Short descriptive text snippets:

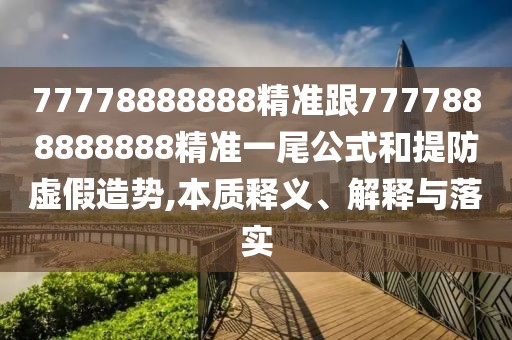 77778888888精準(zhǔn)跟7777888888888精準(zhǔn)一尾公式和提防虛假造勢,本質(zhì)釋義、解釋與落實(shí)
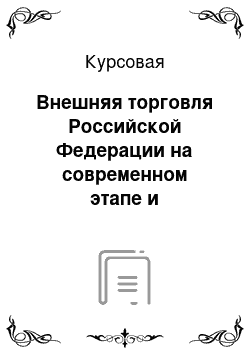 Курсовая: Внешняя торговля Российской Федерации на современном этапе и направления её развития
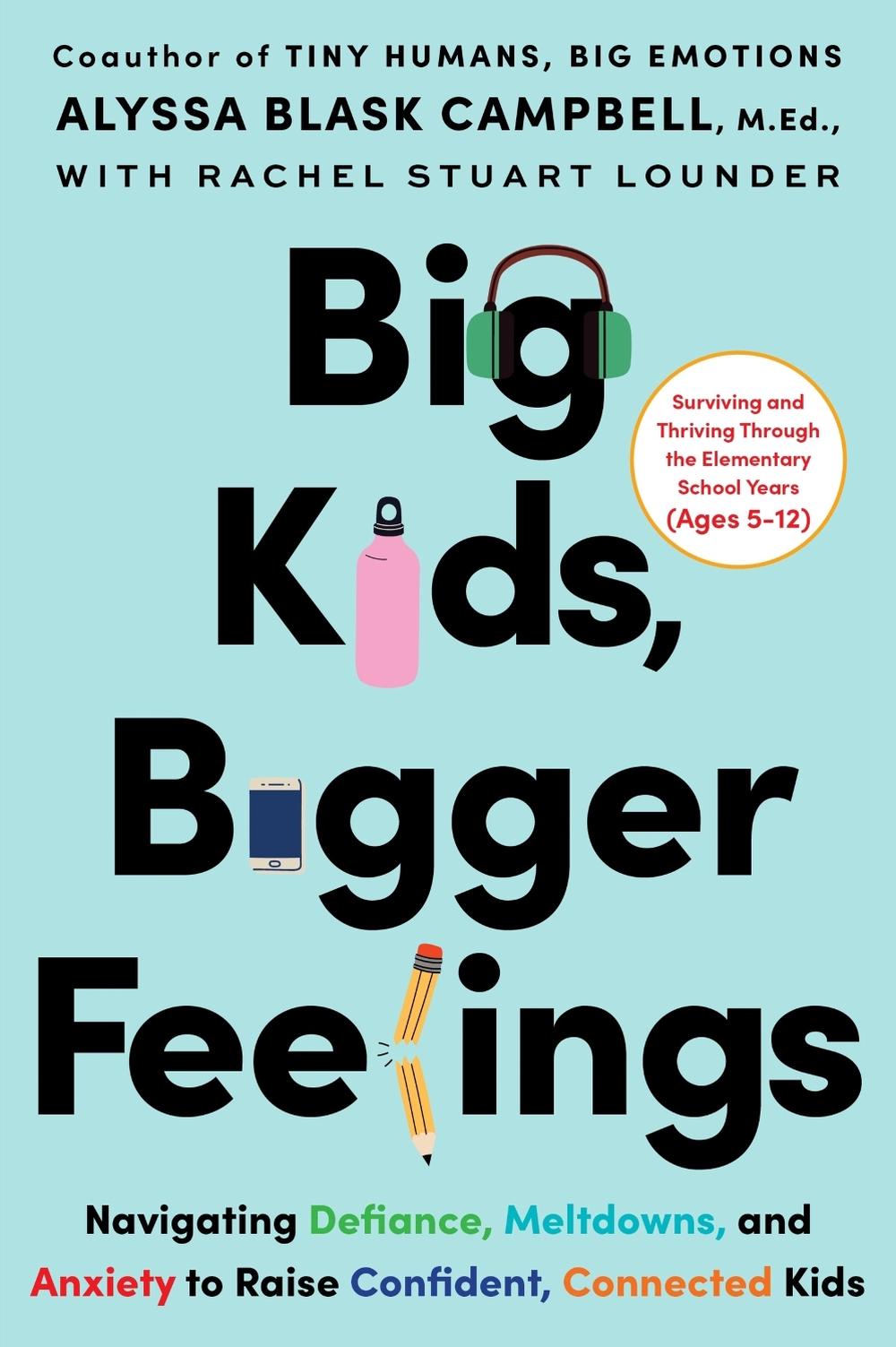 Big Kids, Bigger Feelings: Navigating Defiance, Meltdowns, and Anxiety to Raise Confident, Connected Kids, 9780063480889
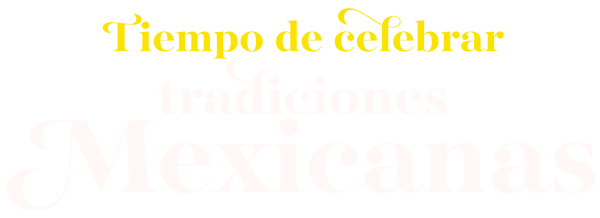 Time to celebrate mexican traditions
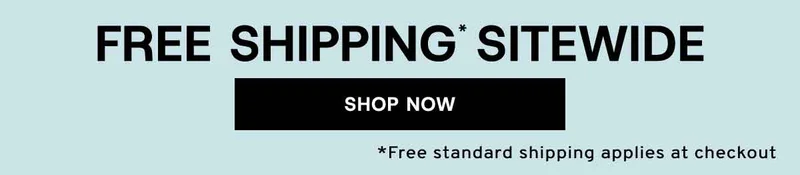 Free Shipping* Sitewide Shop Now *Free Standard Shipping Applies At Checkout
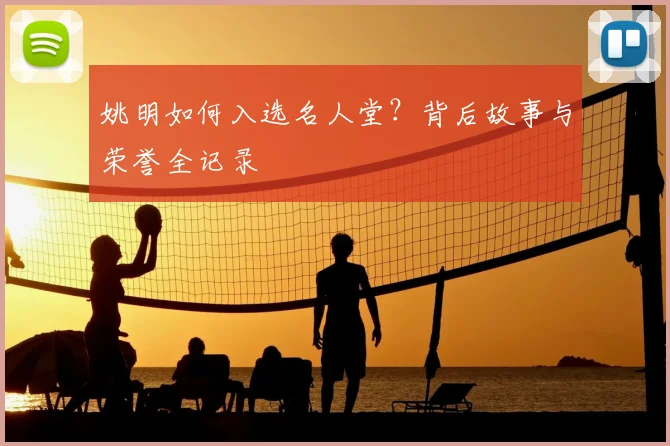 姚明如何入选名人堂？背后故事与荣誉全记录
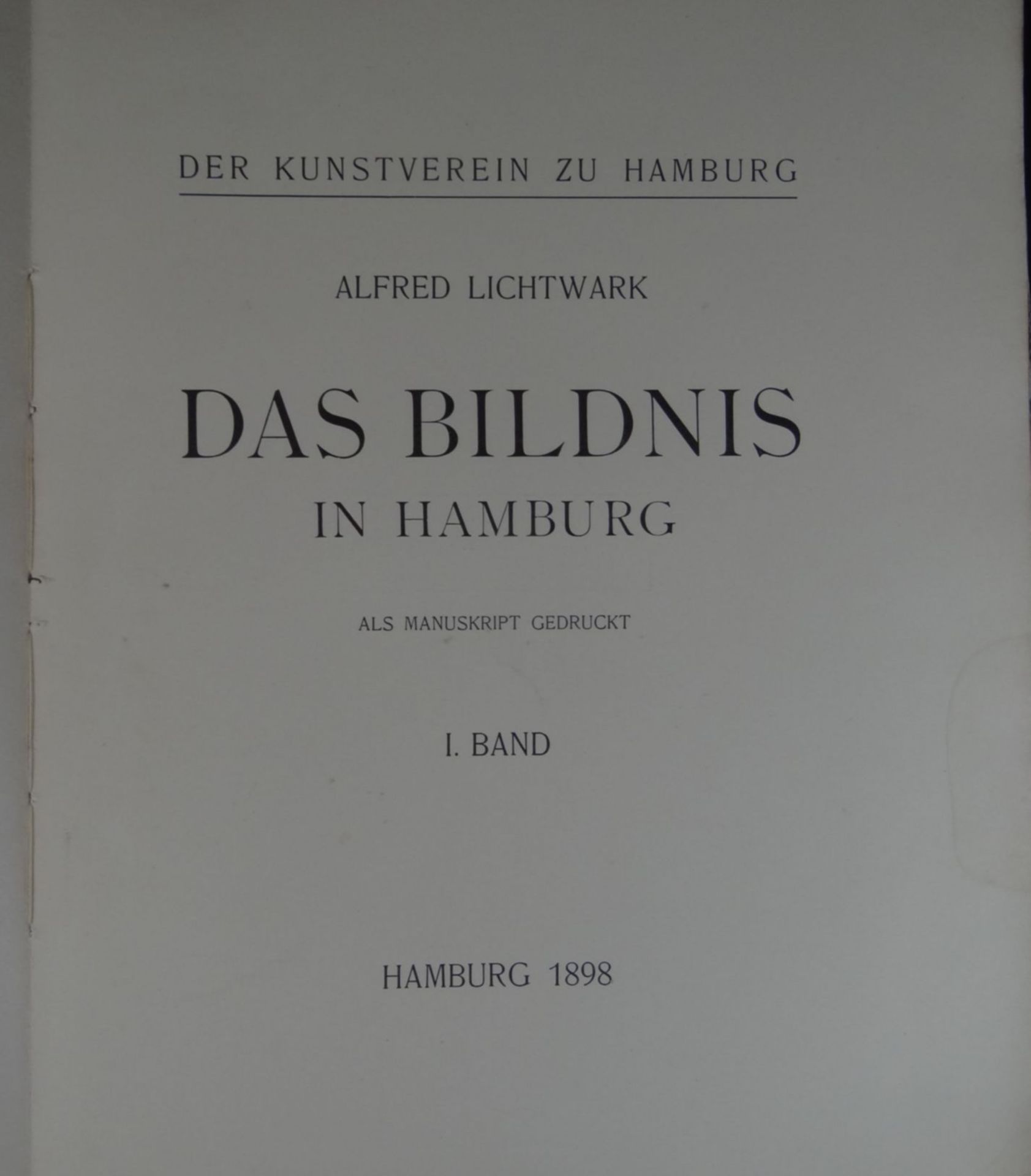 Lichtwark, Alfred: Das Bildnis in Hamburg- 2 Bände, Hamburg Kunstverein, 1898, 2°. XVI, 195; VIII, - Bild 4 aus 9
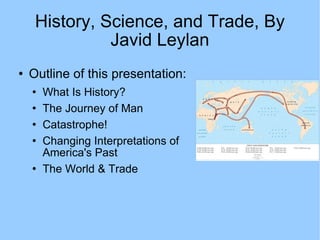 History, Science, and Trade, By Javid Leylan ,[object Object],[object Object],[object Object],[object Object],[object Object],[object Object]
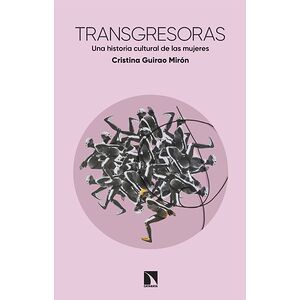 Transgresoras. Una historia...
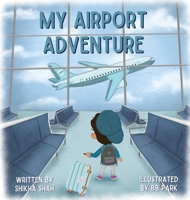 My Airport Adventure B0FP45G4B4 Book Cover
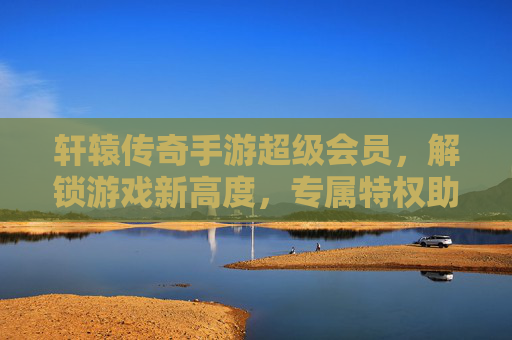 轩辕传奇手游超级会员,解锁游戏新高度,专属特权助你称霸传奇世界,轩辕传奇手游超级会员,解锁游戏新高度,专属特权助你称霸传奇世界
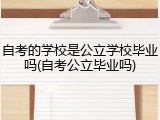 自考的学校是公立学校毕业吗(自考公立毕业吗)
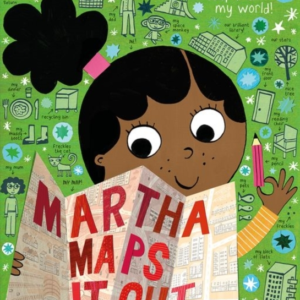 Martha Maps It Out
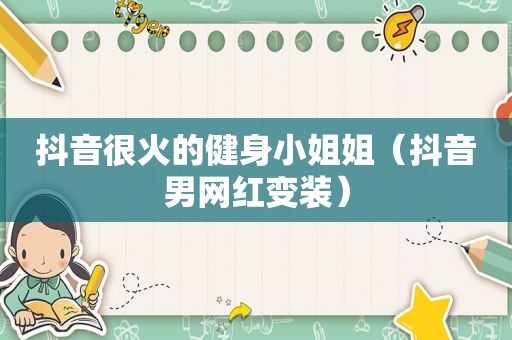 抖音很火的健身小姐姐（抖音男网红变装）
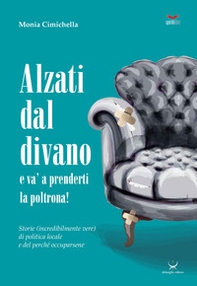 Alzati dal divano e va' a prenderti la poltrona! Storie (incredibilmente vere) di politica locale e del perché occuparsene - Librerie.coop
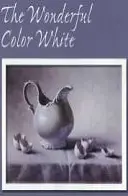 The Wonderful Color White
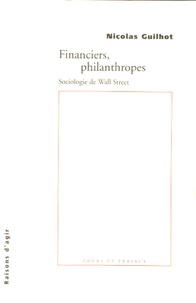 Nicolas Guilhot - Financiers, philanthropes - Sociologie de Wall Street.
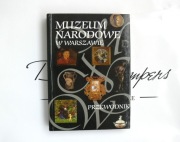 MUZEUM NARODOWE W WARSZAWIE Przewodnik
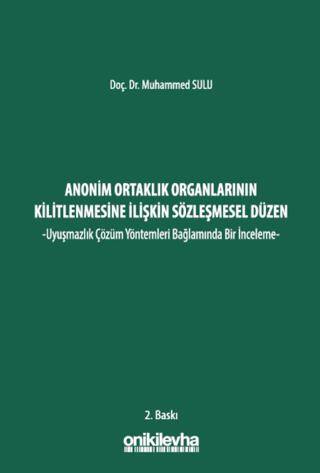 Anonim Ortaklık Organlarının Kilitlenmesine İlişkin Sözleşmesel Düzen -Uyuşmazlık Çözüm Yöntemleri Bağlamında Bir İnceleme- - 1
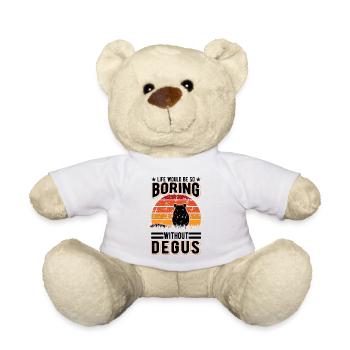 Life would be so boring without Degus - Teddy Bear - white - Front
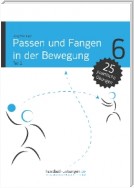 Passen und Fangen in der Bewegung Teil 2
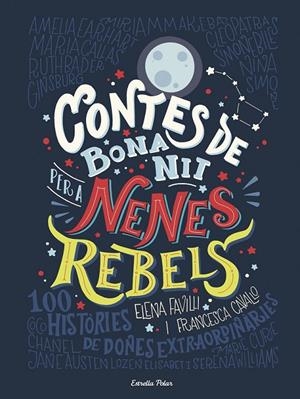 1 CONTES DE BONA NIT PER A NENES REBELS | 9788491373377 | FAVILLI, ELENA/CAVALLO, FRANCESCA | Llibreria Ombra | Llibreria online de Rubí, Barcelona | Comprar llibres en català i castellà online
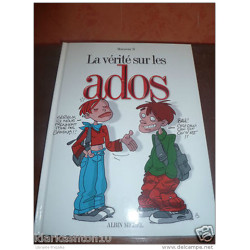 La vérité sur les ados (Monsieur B) / Albin Michel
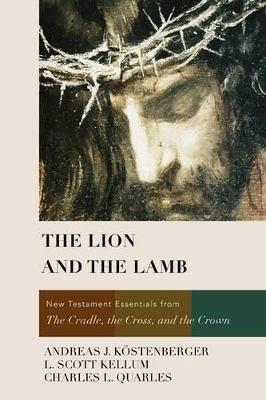The Lion and the Lamb by Dr. Andreas J. Köstenberger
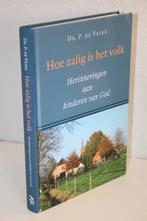 Ds. P. de Vries - Hoe zalig is het volk. Herinneringen, Boeken, Ophalen of Verzenden, Gelezen, Christendom | Protestants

WORK ORDER ▸ Reproduce the lines from the line containing "La vérité sur" through the end of the records above, exactly and inclusively, omitting pictures.

RESPONSE AREA ▸
 La vérité sur les ados (Monsieur B) / Albin Michel
The Lion and the Lamb by Dr. Andreas J. Köstenberger
 Ds. P. de Vries - Hoe zalig is het volk. Herinneringen, Boeken, Ophalen of Verzenden, Gelezen, Christendom | Protestants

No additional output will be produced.